En el negocio, según las fuentes policiales consultadas, el dueño no solo alojaba a los marroquíes, sino que además les tenía trabajando sin cobrar. Los investigadores se los llevaron este miércoles.

Para entonces el dueño ya había desaparecido. Ahora se encuentra en busca y captura.

Hace apenas una semana, EL ESPAÑOL reveló uno de los primeros casos de cómo los inmigrantes se ocultaban en pisos patera.

La Policía detuvo la semana pasada a un recluso de la prisión de Ceuta que escondió durante cinco días a cinco inmigrantes en su casa, aprovechando sus salidas por el régimen de tercer grado en el que cumplía su condena.

El reo refugiaba a esos migrantes marroquíes, también llegados durante la invasión, con la idea de luego facilitarles el traslado a una lancha con la que cruzar a la Península.

De hecho, todos ellos fueron arrestados cuando el preso que les escondía en su apartamento les condujo a la playa para que subieran a una embarcación que les haría cruzar el Estrecho.

900€ de alquiler

Otro de los casos se ha conocido en las últimas horas. La Policía Nacional detenía en Ceuta a dos personas por explotar a migrantes "vulnerables" mediante alojamientos "precarios, cobros y amenazas".

Los agentes han desarticulado una organización criminal que favorecía la inmigración irregular y que cobraba hasta 900€ por alojar a los migrantes en garajes y otros espacios sin condiciones adecuadas de habitabilidad.

Los investigados ofertaban traslados a la Península por 6.000€ y condicionaban la entrega de colchones y mantas al pago íntegro de las cantidades exigidas.

Las pesquisas partieron de varios avisos recibidos sobre la presencia reiterada de migrantes en las zonas comunes de un garaje situado en la barriada de El Príncipe, una de las zonas más conflictivas de la ciudad autónoma.

Asimismo, los autores de estos hechos cobraban entre cinco y 10 euros por cargar el teléfono móvil.

25 migrantes hacinados

De forma paralela, la Guardia Civil ha desmantelado un 'piso patera' en el que había hasta 25 inmigrantes hacinados, seis de ellos menores, en un inmueble de la calle Real, en pleno centro de Ceuta.

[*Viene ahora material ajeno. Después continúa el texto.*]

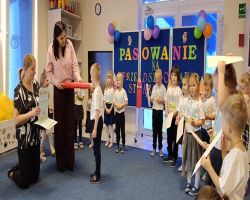 Dzieci przyjmują pasowanie na przedszkolaka i starszaka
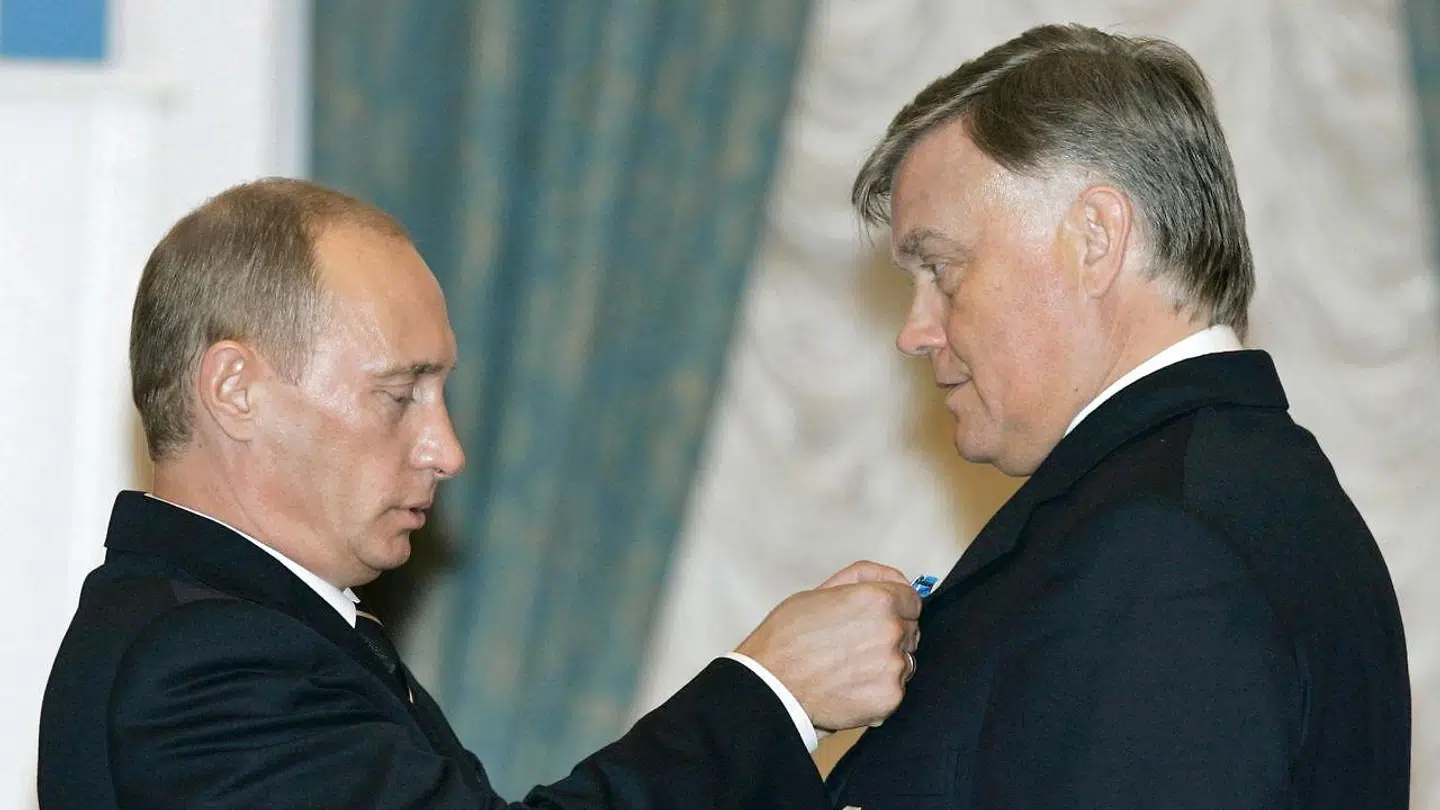 Putin og Vladimir Yakunin holder sammen.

Los migrantes, según pudo saber este periódico, pagaban hasta 35€ diarios por pernoctar en los alojamientos.

Al entrar en el piso, los agentes hallaron una casa muy precaria, con unas condiciones de salubridad nulas. Tras vaciar el apartamento, procedieron a detener a los dos propietarios del piso, un hombre y una mujer.

La Guardia Civil localiza en Ceuta una casa con 25 migrantes hacinados

Todos estos migrantes accedieron a la ciudad autónoma el pasado 30 de julio, cuando se produjo el asalto.

Los agentes que siguen los pasos de este fenómeno saben que los inmigrantes vienen con la referencia de vecinos o conocidos o familiares lejanos en la ciudad autónoma de los que echar mano. "Vienen con contactos", señalan investigadores a cargo de estas pesquisas.

Sin embargo, muchos de ellos no se quedarán, sino que esperan para poder cruzar el Estrecho. "Aprovecharán los días de viento de Levante, que aquí disminuye mucho la visibilidad por la niebla que lo acompaña", explican.